On the eve of the grand opening of the new National Museum of African American History and Culture, the U.S. Treasury Department held a forum that examined the role of Black banking in the history of the nation. Linking financial inclusion to citizenship and social stability, the Treasury Department’s Freedman’s Bank Forum, hosted by Operation HOPE founder John Hope Bryant, opened a critical dialogue about continuing the legacy of Black financial vigor for a new generation.

Freedman’s Savings and Trust Company, commonly known as Freedman’s Bank, was established in 1865 as the first establishment for free Blacks to bank in. (Photo courtesy of U.S. Department of Treasury)

Speakers for the Sept. 23 forum included Amias Gerety, acting assistant secretary of the Department of the Treasury, Financial Institutions; Kim Saunders, president and CEO of the Eads Group; and U.S. Treasury Secretary John Lew, who noted that while the importance of economic stability among Blacks has always been at the crux of social mobility, the banking system has not always offered fair, balanced, or necessary participation.

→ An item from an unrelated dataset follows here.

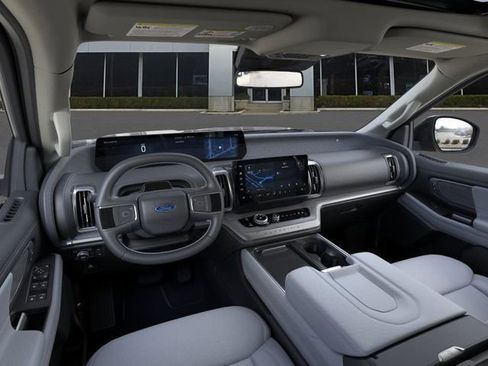 New 2026 Ford Expedition Max Platinum AWD/4WD image 9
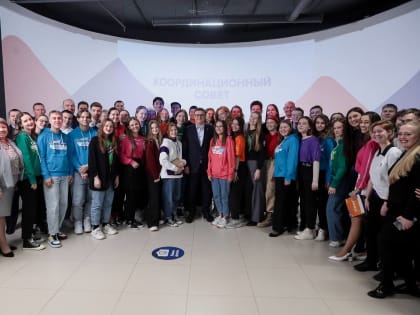 Ученица СОШ №1 Устюгова Софья стала участницей встречи школьников с губернатором А. Текслером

“As we honor the legacy of the Freedman’s Bank, it reminds us of the need for effective regulation and oversight, and symbolizes our commitment to ensuring more Americans have the financial tools and education they need to build a secure future,” Lew told the crowd. “I hope they take a moment to contemplate what it meant for freed men and women to have a bank at all, and what it means for Americans from every community to feel fully part of our country with the tools to build their own future.”

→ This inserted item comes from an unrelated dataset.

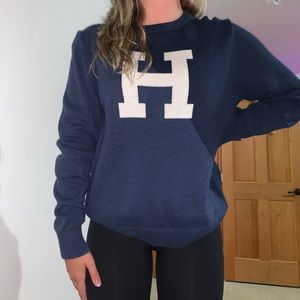 Classic Tommy Hilfiger H sweater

Established as a private corporation by John W. Alvord, a Congregational Minister, and A. M. Sperry, an abolitionist, the Freedmen’s Savings and Trust Company opened in 1864 to eliminate individual bank mismanagement and bring Black deposits under central control in a single large institution. After Congress passed legislation incorporating the bank on March 3, 1865, President Abraham Lincoln immediately signed the bill into law. Deposits were received only “by or on behalf of persons heretofore held in slavery in the United States, or their descendants.” Up to 7 percent interest was allowed for deposits, and any unclaimed accounts were to be pooled into a charitable fund that was used to educate the children of ex-slaves. The bank went bankrupt following a financial scandal and closed its doors in 1874.

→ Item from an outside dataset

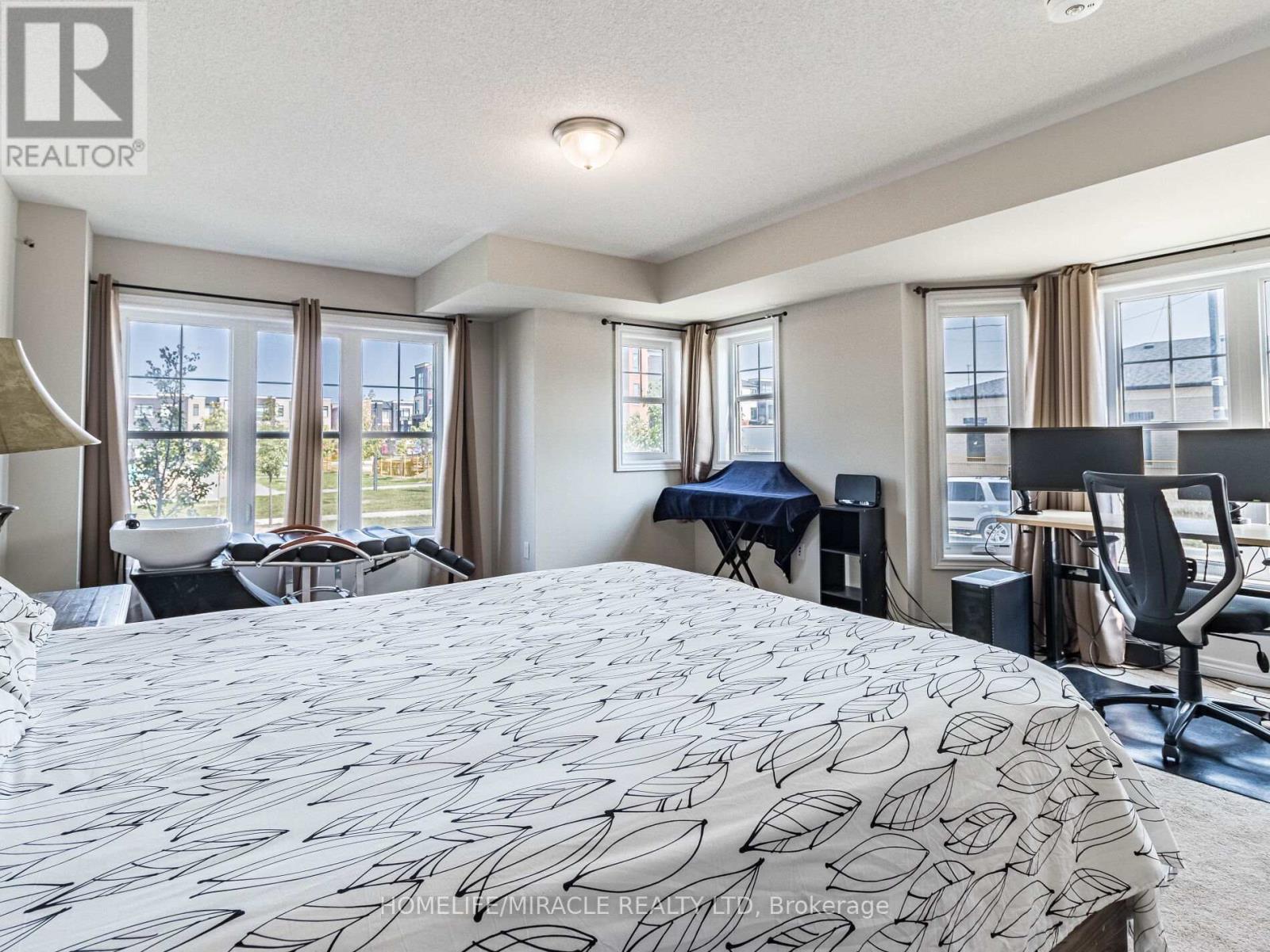43 Finegan Circle, Brampton, ON - Indoor Photo Showing Bedroom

With its untimely shuttering, many Black families abandoned America’s banking systems, turning instead to home safes, benevolent societies, and informal savings clubs. Generations of Black families, simply opted out of being involved with banks altogether. The U.S. Treasury is working to get the descendants of those depositors back.

“The real challenge is on a personal level. We work with students who get their first summer jobs and with their first paycheck we convince them to open a bank account and introduce them immediately to the banking system,” Lew said. “The alternative is the money sits in their pockets or a shoe box. It will ultimately lead to them either spending the money or losing the money. We all know that if you put the money in the bank, it is different than if you are treating it as something more casual. It becomes more than a casual-relationship when the money is saved or invested.”

The forum aligned the historical significance of Freedman’s bank and its original mission – to promote economic integration and financial inclusion – with the immediate need for strong Black investments in education, investment, and retirement plans. The reality, according to Saunders, is that too many Blacks, especially low-income families, have little or no access to the financial systems, credit or banking histories, and subsequently, limited access to loans or other financial anchors.

“We have to be familiar with the person sitting across from us as we roll up our sleeves and are showing teens how to balance checkbooks, and senior citizens how to write their first checks, whatever is necessary,” Saunders said on the panel. “We have to do whatever is necessary to help them become engaged, involved, and successful in the financial market.”